Alimenti_conservati_sotto_olio


La conservazione degli alimenti è uno dei processi fondamentali della trasformazione agroalimentare e ha lo scopo di preservare nel tempo la commestibilità e il valore nutritivo di un prodotto agroalimentare, prevenendone le alterazioni accidentali.

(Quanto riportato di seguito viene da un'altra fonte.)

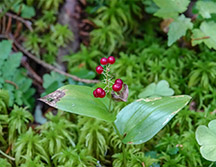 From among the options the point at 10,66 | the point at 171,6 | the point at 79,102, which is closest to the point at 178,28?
the point at 171,6

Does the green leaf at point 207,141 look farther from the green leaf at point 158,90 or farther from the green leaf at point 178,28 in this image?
the green leaf at point 178,28

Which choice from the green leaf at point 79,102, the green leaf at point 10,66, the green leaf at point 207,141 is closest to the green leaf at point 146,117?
the green leaf at point 79,102

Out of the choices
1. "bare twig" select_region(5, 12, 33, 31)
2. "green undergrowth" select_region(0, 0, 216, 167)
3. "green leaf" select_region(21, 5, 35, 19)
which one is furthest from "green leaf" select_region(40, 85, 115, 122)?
"green leaf" select_region(21, 5, 35, 19)

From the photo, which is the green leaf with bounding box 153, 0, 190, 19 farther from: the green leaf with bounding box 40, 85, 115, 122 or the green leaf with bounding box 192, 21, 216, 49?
the green leaf with bounding box 40, 85, 115, 122

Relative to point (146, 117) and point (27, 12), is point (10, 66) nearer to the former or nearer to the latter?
point (27, 12)

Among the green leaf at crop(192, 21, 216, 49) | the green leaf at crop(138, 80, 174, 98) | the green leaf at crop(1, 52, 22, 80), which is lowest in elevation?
the green leaf at crop(138, 80, 174, 98)

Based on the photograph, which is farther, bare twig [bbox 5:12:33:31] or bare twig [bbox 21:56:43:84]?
bare twig [bbox 5:12:33:31] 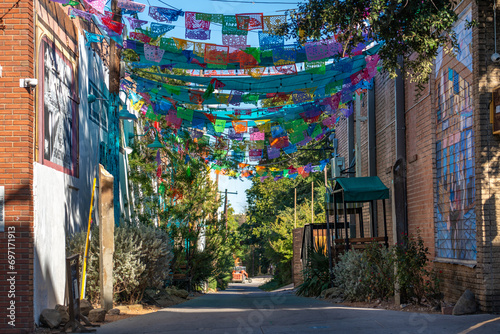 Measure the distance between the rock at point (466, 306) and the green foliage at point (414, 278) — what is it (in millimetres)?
1351

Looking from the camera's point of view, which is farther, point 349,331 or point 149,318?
point 149,318

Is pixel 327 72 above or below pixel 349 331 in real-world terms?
above

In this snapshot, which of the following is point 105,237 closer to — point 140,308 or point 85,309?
point 85,309

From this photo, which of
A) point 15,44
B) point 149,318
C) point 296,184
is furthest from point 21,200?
point 296,184

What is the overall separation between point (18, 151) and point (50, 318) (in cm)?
274

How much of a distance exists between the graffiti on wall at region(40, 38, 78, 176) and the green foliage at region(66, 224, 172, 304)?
1.62 metres

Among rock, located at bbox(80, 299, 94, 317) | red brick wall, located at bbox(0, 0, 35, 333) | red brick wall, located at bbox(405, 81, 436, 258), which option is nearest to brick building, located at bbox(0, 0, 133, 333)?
red brick wall, located at bbox(0, 0, 35, 333)

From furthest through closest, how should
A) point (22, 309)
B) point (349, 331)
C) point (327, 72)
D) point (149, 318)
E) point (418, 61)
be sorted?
point (327, 72), point (149, 318), point (418, 61), point (22, 309), point (349, 331)

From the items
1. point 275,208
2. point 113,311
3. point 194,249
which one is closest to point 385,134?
point 194,249

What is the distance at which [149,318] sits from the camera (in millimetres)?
10391

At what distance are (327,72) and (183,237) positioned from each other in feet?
29.7

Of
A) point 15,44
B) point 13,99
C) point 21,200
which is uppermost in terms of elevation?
point 15,44

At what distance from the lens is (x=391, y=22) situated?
29.1 ft

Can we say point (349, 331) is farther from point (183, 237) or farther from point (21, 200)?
point (183, 237) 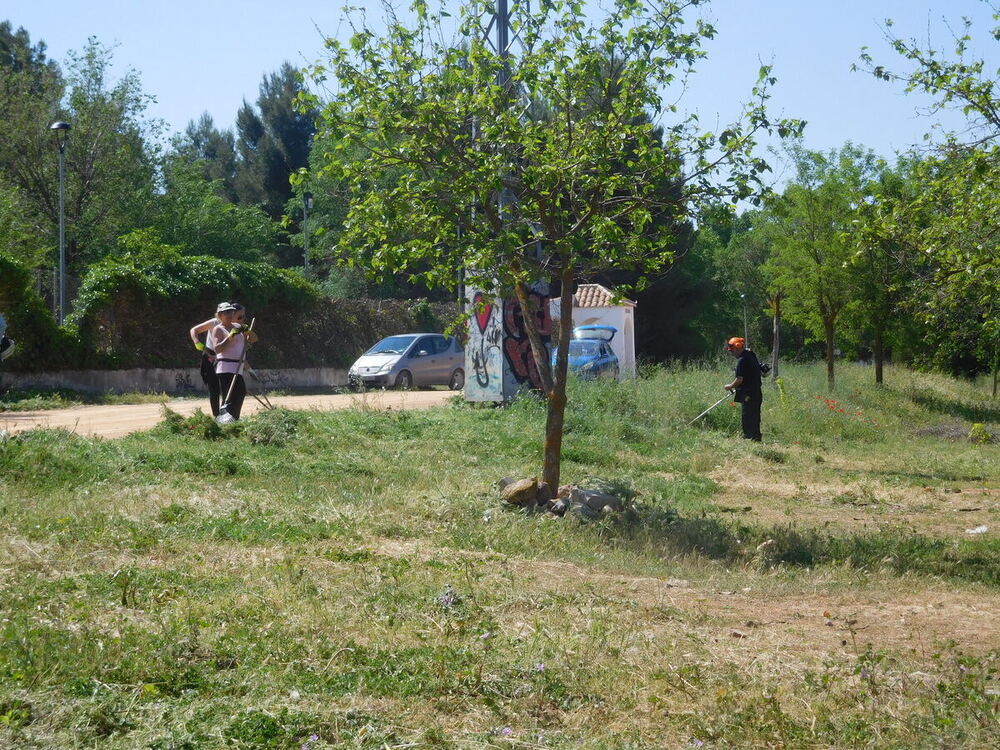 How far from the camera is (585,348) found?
25.3 m

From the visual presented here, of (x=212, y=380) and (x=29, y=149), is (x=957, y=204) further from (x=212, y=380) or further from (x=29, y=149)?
(x=29, y=149)

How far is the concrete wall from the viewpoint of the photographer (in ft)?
71.1

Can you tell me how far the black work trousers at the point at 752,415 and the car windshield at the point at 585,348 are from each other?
9071 millimetres

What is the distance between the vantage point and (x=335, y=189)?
32.7 ft

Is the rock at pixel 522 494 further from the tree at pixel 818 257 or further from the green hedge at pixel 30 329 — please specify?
the tree at pixel 818 257

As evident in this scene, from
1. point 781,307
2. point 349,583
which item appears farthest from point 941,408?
point 349,583

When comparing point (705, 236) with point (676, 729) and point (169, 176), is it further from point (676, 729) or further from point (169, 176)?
point (676, 729)

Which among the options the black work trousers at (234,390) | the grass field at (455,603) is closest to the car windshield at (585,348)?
the grass field at (455,603)

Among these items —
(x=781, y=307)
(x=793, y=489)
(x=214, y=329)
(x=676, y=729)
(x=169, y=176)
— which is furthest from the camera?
(x=169, y=176)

Esistono due fondamentali ordini di ragioni per cui i cibi si deteriorano
  • alterazioni di origine biologica, ovvero quelle causate direttamente dagli enzimi presenti nelle cellule dell’alimento, o indirettamente, dagli enzimi appartenenti ai microrganismi che contaminano e che si sviluppano nell’alimento. Questi possono alterare i caratteri organolettici e il valore nutritivo dell’alimento causando putrefazione (a carico di proteine e amminoacidi), inacidimento e irrancidimento dei grassi, fermentazione dei carboidrati oppure compromettere la salubrità dell’alimento generando germi patogeni, muffe e parassiti;
  • alterazioni di origine fisico–chimica dovute a ossigeno, luce e raggi UV (favoriscono l’irrancidimento), calore (disidrata gli alimenti, accelera le reazioni chimiche e la riproduzione dei microrganismi), variazioni del contenuto idrico (una diminuzione causa avvizzimento mentre l’aumento favorisce lo sviluppo di muffe e batteri).
Conservare un alimento significa quindi agire in modo tale da bloccare o ridurre il contatto dei cibi con calore, luce, ossigeno e acqua creando condizioni e ambienti sfavorevoli allo sviluppo dei microrganismi attraverso l’azione su temperatura, umidità e reazioni chimiche dell'ambiente.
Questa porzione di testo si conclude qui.